Ama Türkiye’de hepsi mümkün. Elde tek bir delil, karine yokken merkez medyada, tv’lerde bir IŞİD katliamının arkasında devlet olduğu ciddi ciddi tartışılıyor. En kibarı göz yumulduğunu söylüyor. Pentagon’u, Paris’i, Londra’yı, Madrid’i vurmuş bir terörün, daha önce de çeşitli kılıklarda defalarca vurduğu Türkiye’yi, Ankara’yı vurmasının arkasında muhakkak devlet, İslamcı iktidarın göz yumması, kasıt aranıyor.
Yüzde 13 oy almış silahlı bir örgütün siyasi kanadının lideri bu iddiasını CNN’e bile taşıdı: “Devlet desteği olmadan IŞİD bu saldırıyı yapamaz.” Amanpour bilse sorardı herhalde: “Peki sayın Demirtaş, kardeş örgütünüz PKK, 2011’de Ankara’nın ortasında Anafartalar’da canlı bomba patlatıp 9 kişiyi öldürürken, 2011’de Kızılay’ın ortasında Kumrular’da bomba yüklü araç infilak ettirip 5 sivili öldürürken de devlet desteği var mıydı?”
Bilenler bile soruyor mu ki, onu niye sorsun.
Hiçbir şey bilmeden, ülke tarihinin en büyük, en acı terör saldırısından dakikalar sonra, polis bile elini delillere değmemişken faili ilan edip “katil devlet”, “katil Erdoğan, AKP” sloganları atan siyasetçilere,kelli felli gazetecilere “ne yapıyorsunuz! bu siyasetçiliğe, gazeteciliğe, insanlığa da sığmaz, toplumu birbirine düşürüp, canlı bombanın üzerindeki demir bilyelerin ulaşacağı alanı büyütecek laflar etmeyin” demenin işe yaramadığı, devleti istihbarat ve güvenlik ihmali var mı diye sorgulamanın kesmediği, gerçek katillerle, bunu niye ve nasıl yaptıklarıyla, bundan sonra ne yapmak gerektiğiyle falan ise hiç mi hiç ilgilenmeyen, birinci dakikasında katliamdan siyaset çıkarmanın, slogan üretmenin, hayatı durdurmak, devrimci hedeflerde kullanmanın yollarını arayan ve ancak siyaseten en karşısındakine parmak uzatıp “katliamı siz yaptınız, katilsiniz” denince tatmin olan bir ergen öfke var karşımızda…

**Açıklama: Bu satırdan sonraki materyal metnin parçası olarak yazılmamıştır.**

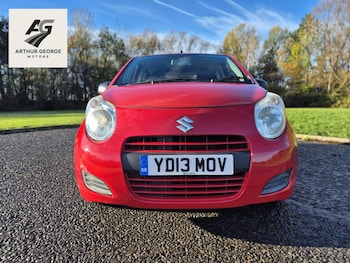 Used Suzuki Alto 2013 for sale - 76643870: Photo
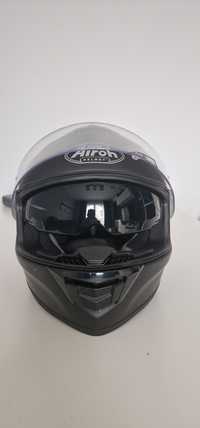 Kask motocyklowy Airoh ST501  -Nowy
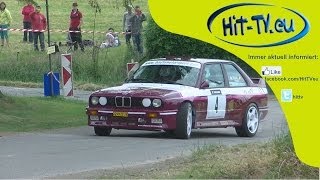 preview picture of video 'Rallyesprint Haillot (Belgien) 2014 WP03'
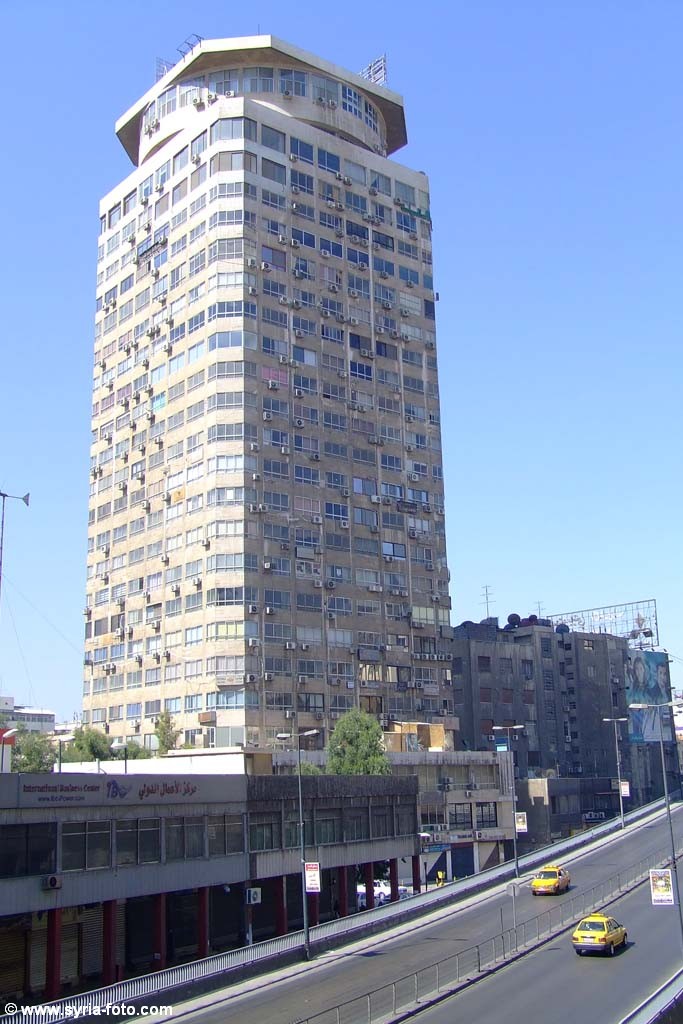 Дамаск, 8 августа 2008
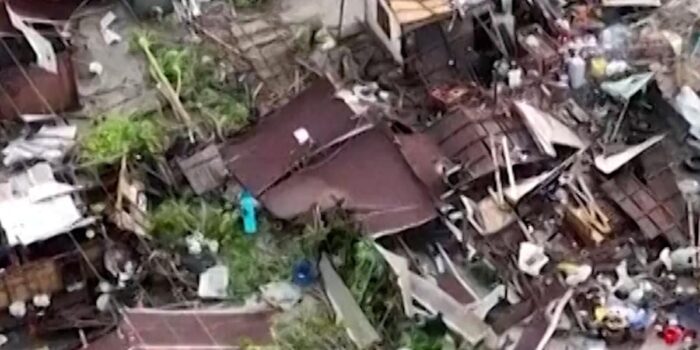 Berita Madagaskar Porak-poranda Diterjang Badai Siklon Gezani, 36 Orang Tewas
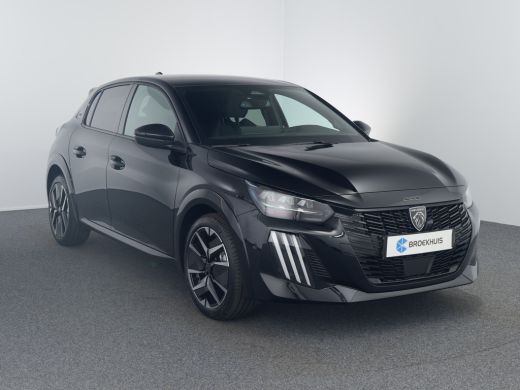 Peugeot 208 GT | Adaptieve cruise control met Stop&Go functie | Armsteunen op de voorportieren bekleed met ku... ActivLease financial lease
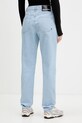 Odzież Karl Lagerfeld Jeans jeansy mom fit damskie B2W10095 niebieski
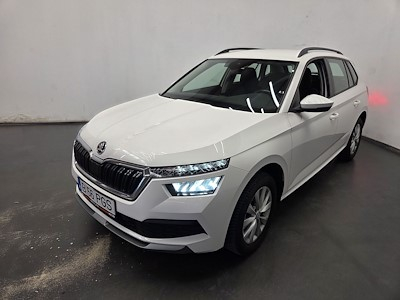 Cumpara SKODA KAMIQ prin Ayvens Carmarket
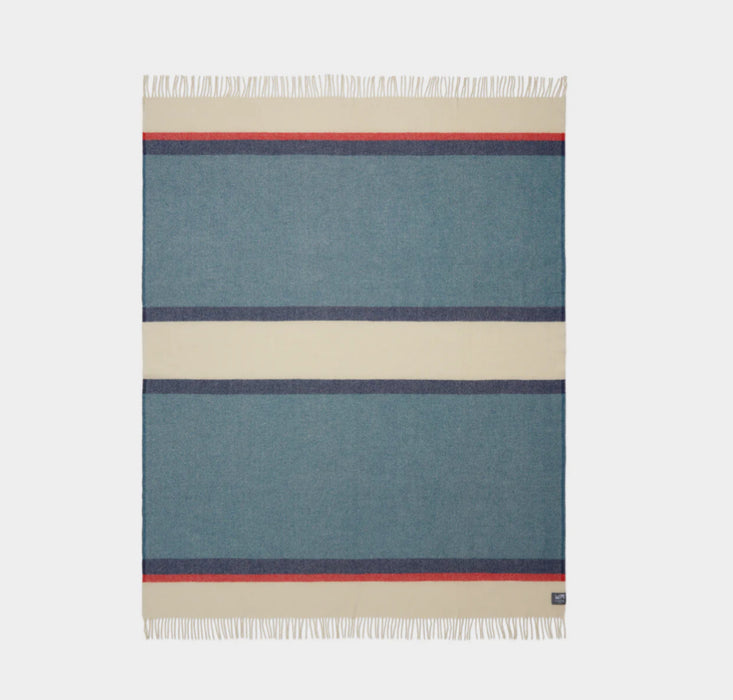 Waverley Mills Riviera wool throw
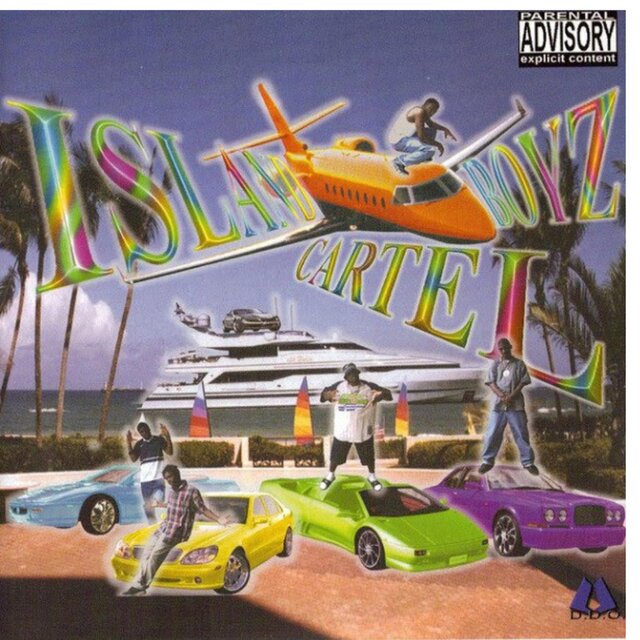Dj Beasty G Presents Da Island Boyz Cartel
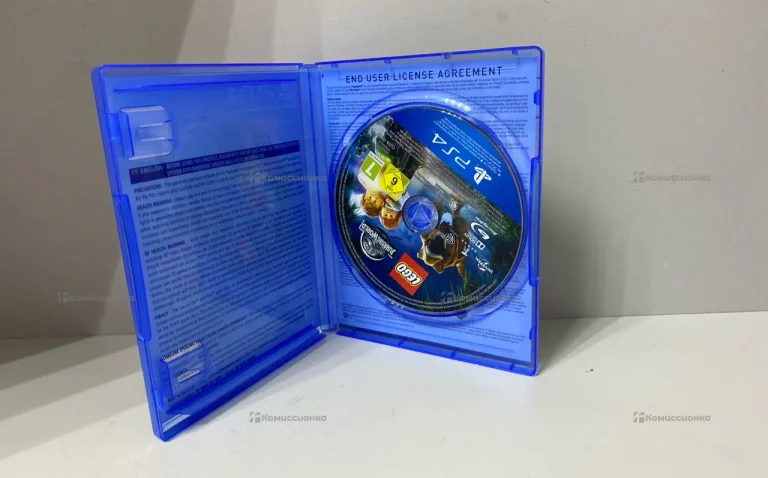 игра ps4 lego jurassic world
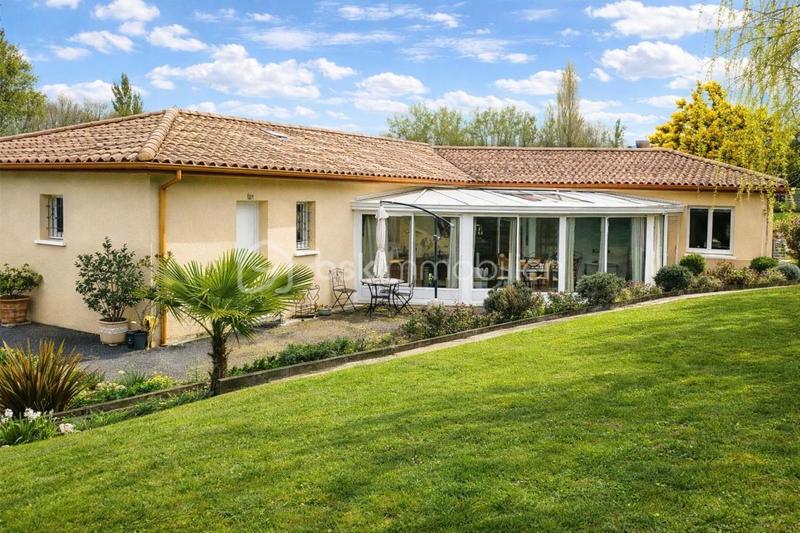 Maison de campagne - 152 m² - 6 pièces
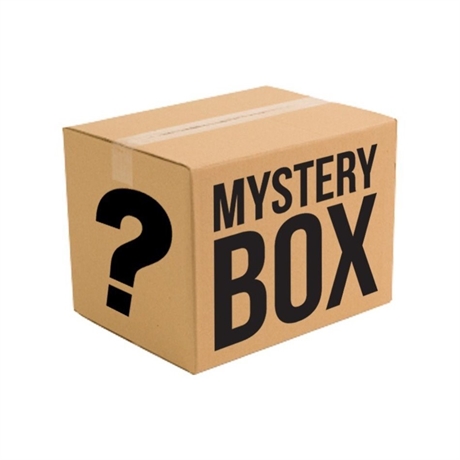 Vinyl Album Mystery Box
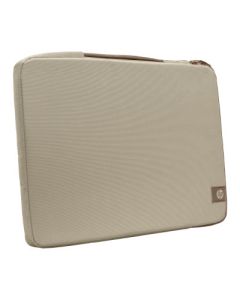 HP 13-14" Pouzdro Protective Laptop Sleeve - Latte taupe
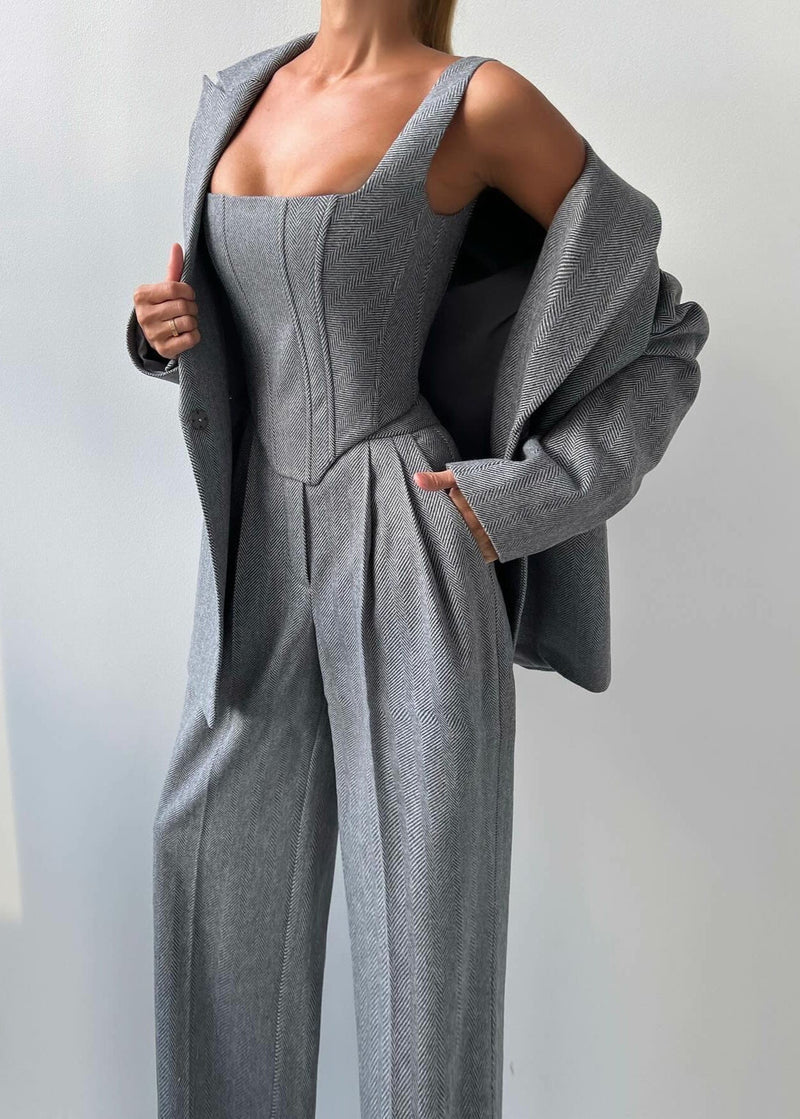 Elegantly Styled Garment for Everyday Wear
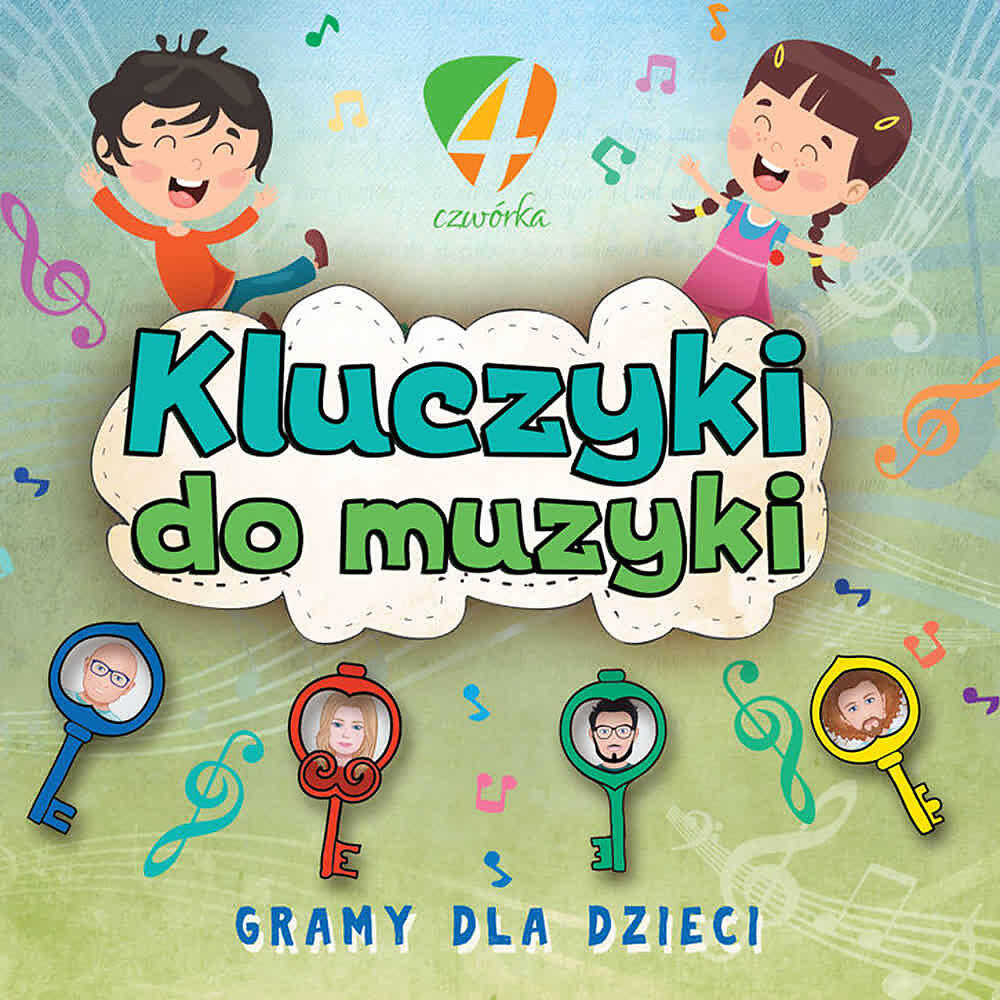 Постер альбома Kluczyki do Muzyki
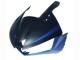 Carenados Moto Honda CBR600RR 2013-2023 - Azul Negro Mate Carrera Baratos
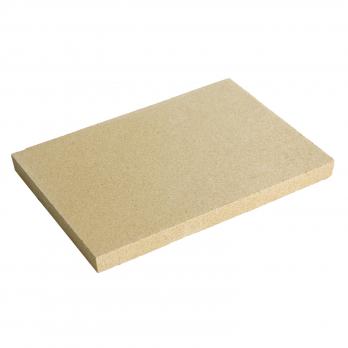Vermiculit-Platte 500 x 500 x 30 mm Material ist nicht brennbar Neu Produkt 
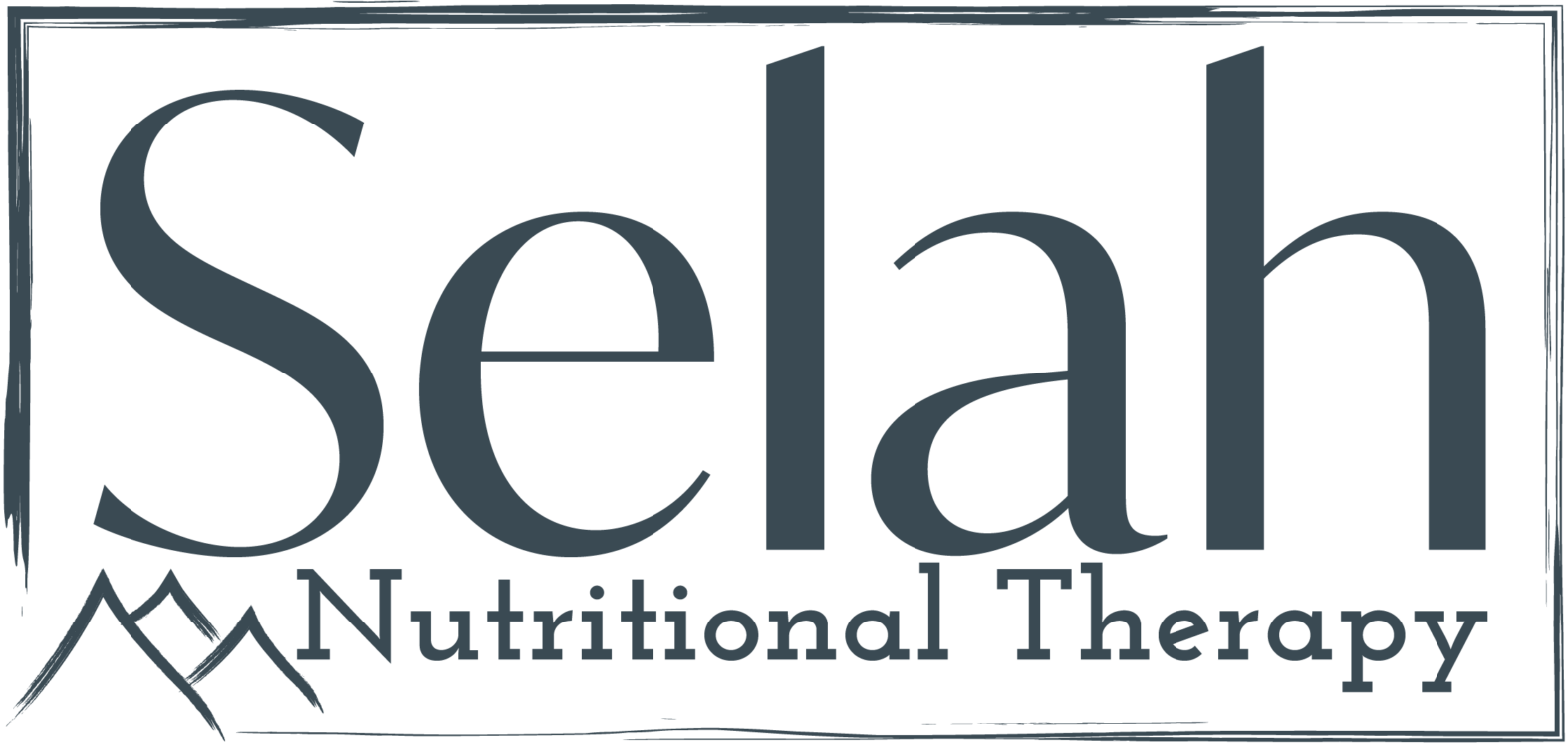 Selah Nutritional Therapy llc logo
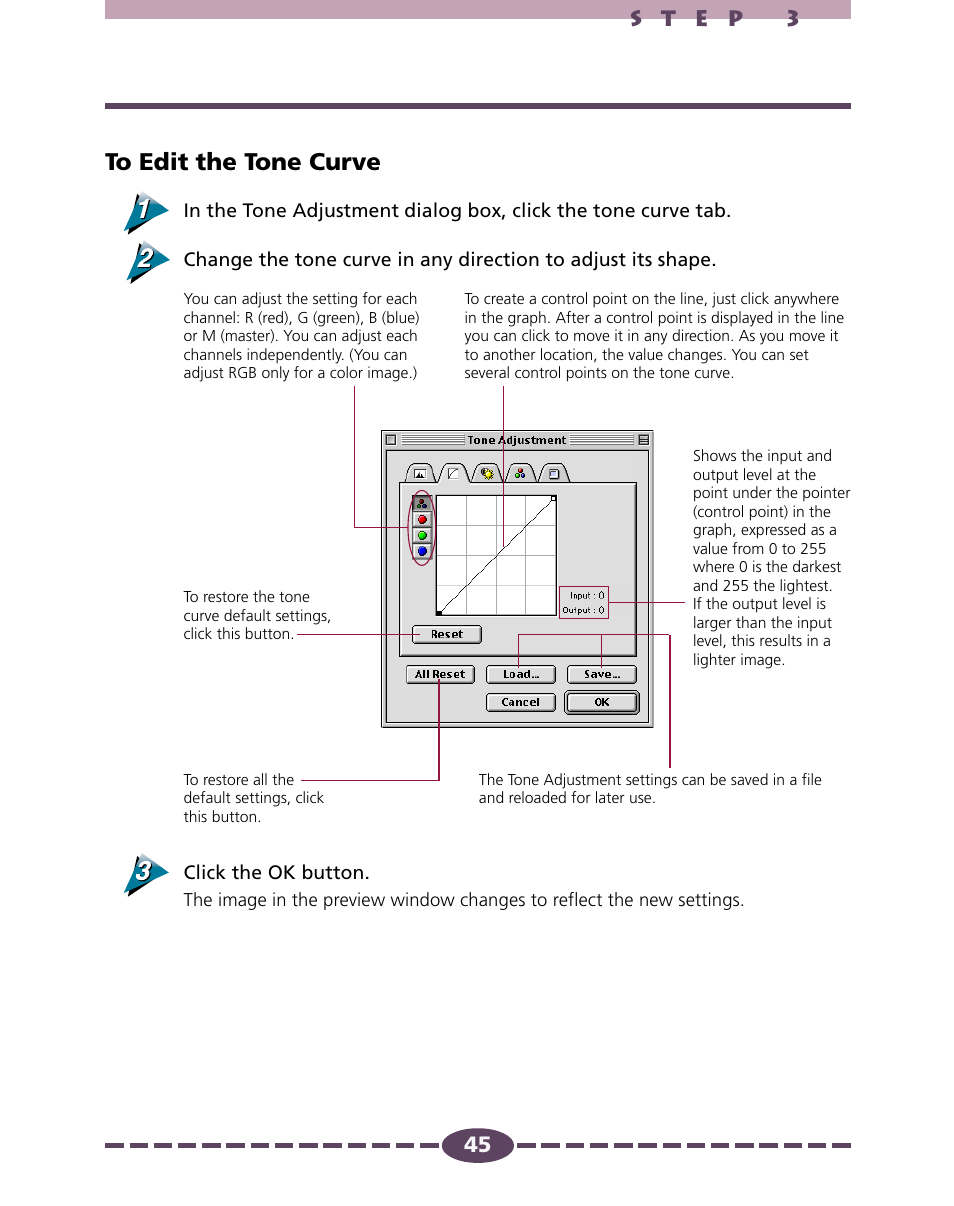 Canon 4.1 User Manual | Page 45 / 73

James Barrie’nin 1904 yılında yazdığı Peter Pan oyununun tam adı “Peter Pan ya da Büyümeyen Çocuk”tu.
Herkes bilir Peter Pan büyümeyi reddeden bir çocuktur. Çetesiyle Kaptan Hook’la kapışıp durur. Türk solunun büyümeyi reddeden Peter Pan’ları denince aklıma gelen isimlerden biri muhakkak Ümit Kıvanç. Hep bir devrime beş var heyecanı, “bana bir solcu cinayet işledi dedirtemezsiniz” inanmışlığı, dünyayı iyi solcular ve kötü sağcılar arasındaki bir çizgi film sanan çocuksuluk. Ama kesinlikle samimi bir öfke, Türkiye standartları üstünde bir gerçeği arama performansı.
O yüzden Neverland’deki bu Peter Pan’ı hakikatle karşılaştırıp mutsuz etmek istemem. Ama maalesef insan polemik yapacağı kişiyi seçemiyor. Mümkün olsa tabii ki bir Peyami Safa’yı bir Refik Halid’i tercih ederdim.
Ama belki bu yazışmaları okuyan ve hâlâ gerçeği anlamaya çalışan dört kişi kalmıştır diyerek bir cevap yazmak zorundayım.
Cümle cümle olacak biraz. Şöyle başlıyor:
“İktidar propaganda aygıtının az sayıdaki akıllı cengâverlerinden biri, Ankara katliamı üzerine, üzüntünün, acı paylaşmanın, başsağlığı havasının hiçbir yerine sızamadığı, ibretlik bir yazı yazdı.”
İltifat için teşekkür ederek başlayalım, o kadarlık bir hukukumuz vardı.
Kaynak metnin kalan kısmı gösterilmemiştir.